Wife walked out & won't contribute to mortgage/sign it overgreenspun.com : LUSENET : Repossession : One Thread
My boyfriend's wife walked out on hin 18 months ago, taking his 2 children to live with her new lover in a rented council property. Since, he has maintained the mortgage repayments mainly to provide a base for the children whom he had to stay 2 days/nights per week. She has now stopped him doing this and he sees them 2 evenings pw and alternate Saturdays.
He has asked for contributions to the mortgage (which is in their joint names)or for her to sign it over to him - she refuses both points. Her solicitor says she is not liable for the repayments as she doesn't live there now and pays rent on another property where she does reside. If this is the case, can my boyfriend walk out of the house, rent a property to live in and also be released from his obligations to the mortgage....somehow I think not, so why is it permissible for her to do it!!

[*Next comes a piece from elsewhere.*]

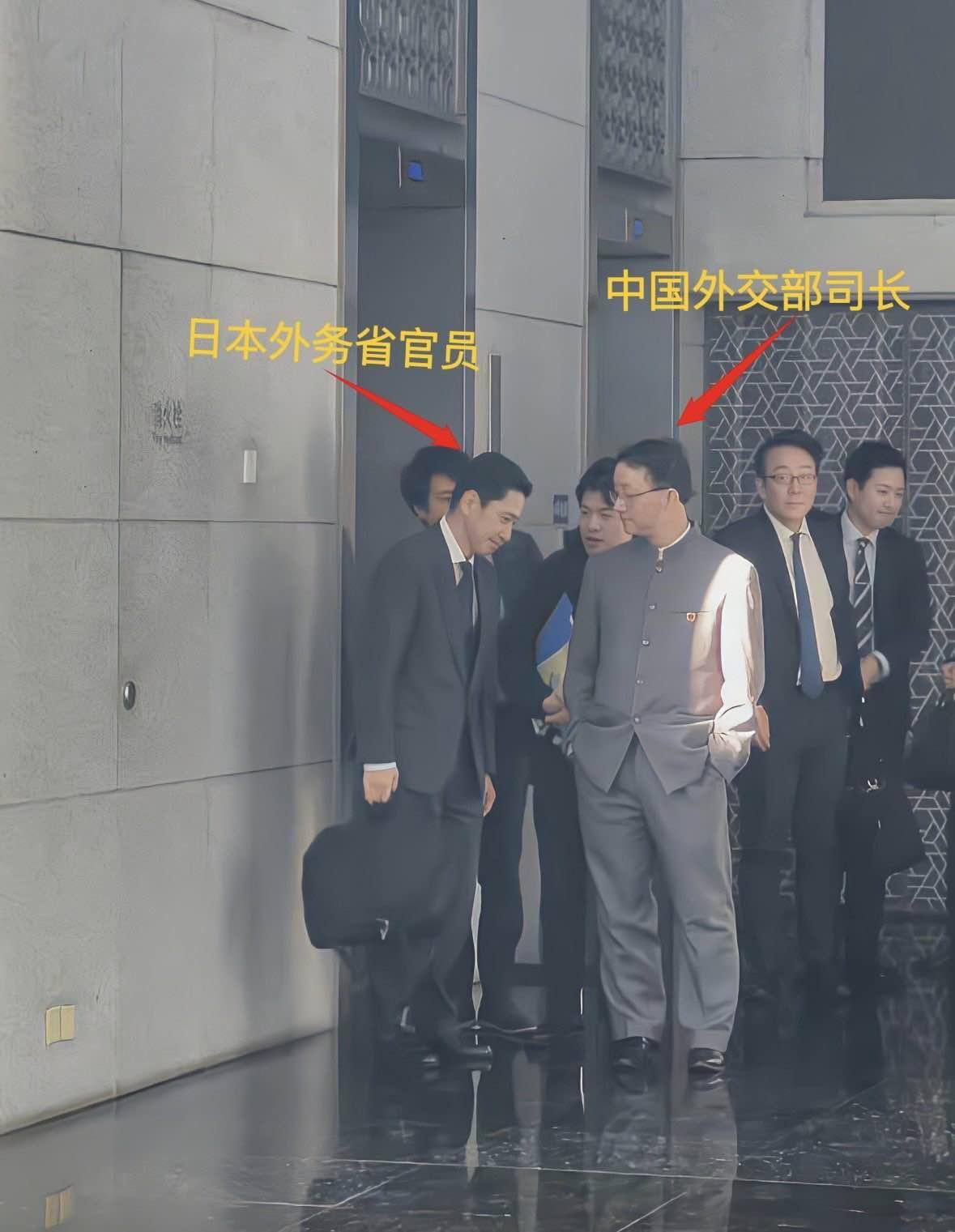 日本网友炸锅：日方外交官像犯了错的小学生低头被中国老师当面训斥。日本外交官“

He is considering handing in the keys to the BS, moving out (he no longer needs the house as he doeesn't have the children to stay any longer) and giving them her address so they can chase her for future payments - he is so fed up that he isn't bothered at this stage about being blacklisted etc. The house has little or no equity and is worth around £28k.
Has anyone any similar experiences or advice they can share with us??

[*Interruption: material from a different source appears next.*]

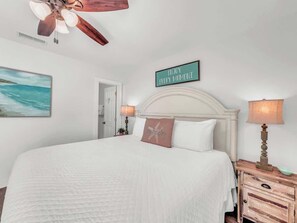 2 chambres, fer et planche Ă repasser, Wi-Fi gratuit, draps fournis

-- Jan Beaumont (email@example.com), August 17, 2001
Some answers - hopefully others can contribute too.
1. Her liabilities. Unless the mortgage says otherwise I expect she is jointly liable for it irrespective of what her solicitor says. For example, if the property was sold at a profit, she would no doubt expect a share. Your partner needs, repeat needs, to go and see a solicitor to get some quality advice. It may well be that his ex cannot afford to contribute to the property given she has responsibilities elsewhere - for her own rental and also to maintain the kids.
2. Handing in the Keys. Dont. Try and sell it. My absolute advice is not to hand in the keys, particularly as you don't mention any arrears. Provided he gets some advice he ought to be able to offset any payments he makes singularly against her share of any profit made from the sale (if any). Equally, if the property sells at a loss, he ought to be able to reclaim a percentage from her or again, at least offset it from any alimony payments. If the keys are handed in, the lawyer sharks will go for whoever has the most money irrespective of the fairness or otherwise of the situation.

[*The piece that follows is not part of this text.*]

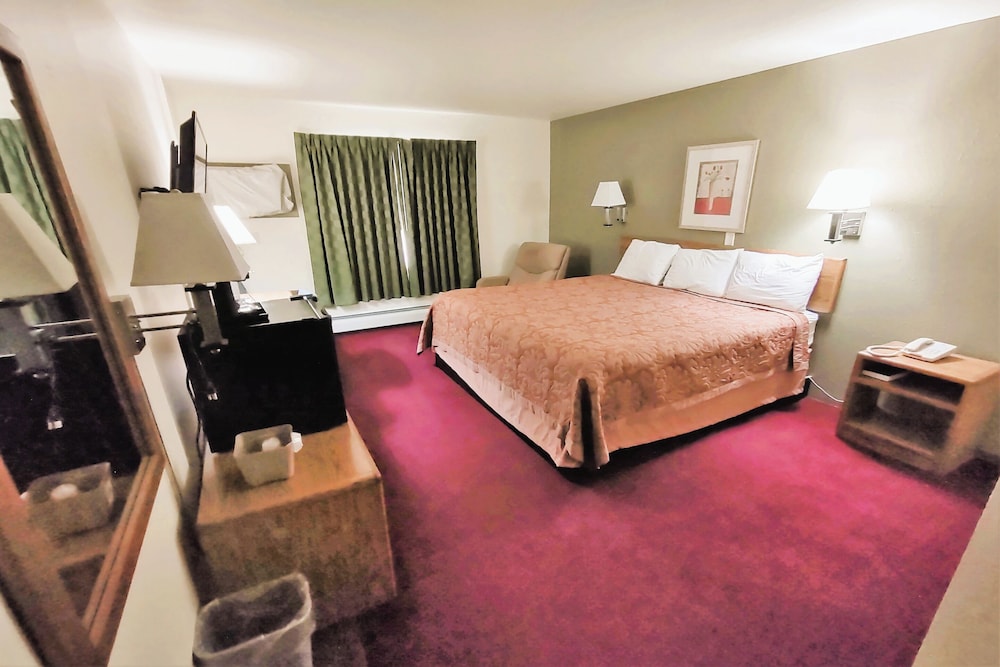 Love Hotels Staples by OYO at HWY 10 MN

3. The Kids I am also divorced and I have two kids. It is worth thinking about before taking any action against his ex - like sicking the building society on her - because anything bad happening to her WILL ALSO affect the kids in the same way - so if you improverish her, you make them poor too. Is that what he would want?
-- (firstname.lastname@example.org), August 17, 2001.
Can't really add much except to say Point 2 of bluemoon's response...even if the property sells at a loss your boyfriend will not be able to reclaim anything from his wife - by way of suing her or any other method of recourse. The Courts will not entertain these types of lawsuits and there is no way the child support payments can be (or should be) offset. As bluemoon says, the kids are the priority here and your boyfriend's first responsibilty is to them before anyone else, regardless of what the adults are up to. To be honest he would do better to get her to sign over the house (if she refuses to contribute to it, she will do it) and then hold onto it/rent it out or sell it later - that way he has a base and an asset. Fed up he may be but foolhardy he shouldn't be, these things simmer down and he may regret his actions later on.
-- Too scared to say (email@example.com), August 17, 2001.
All of the above is true,howevr a judge has power to force a sale in such circumstances ,he also has power to force her to relinquish her part provided that he can show that he has the means/will to retain the property.If you think mortgage law is grossly unfair then at least it is unfair without gender.Divorce law is unfair on biblical scales towards males.My own veiw is that she will try to evade all responsibilities and then share in his income and any rewards of increased equity.No my friend walk now and cut you future losses you CANNOT win if you are male in this circumstance.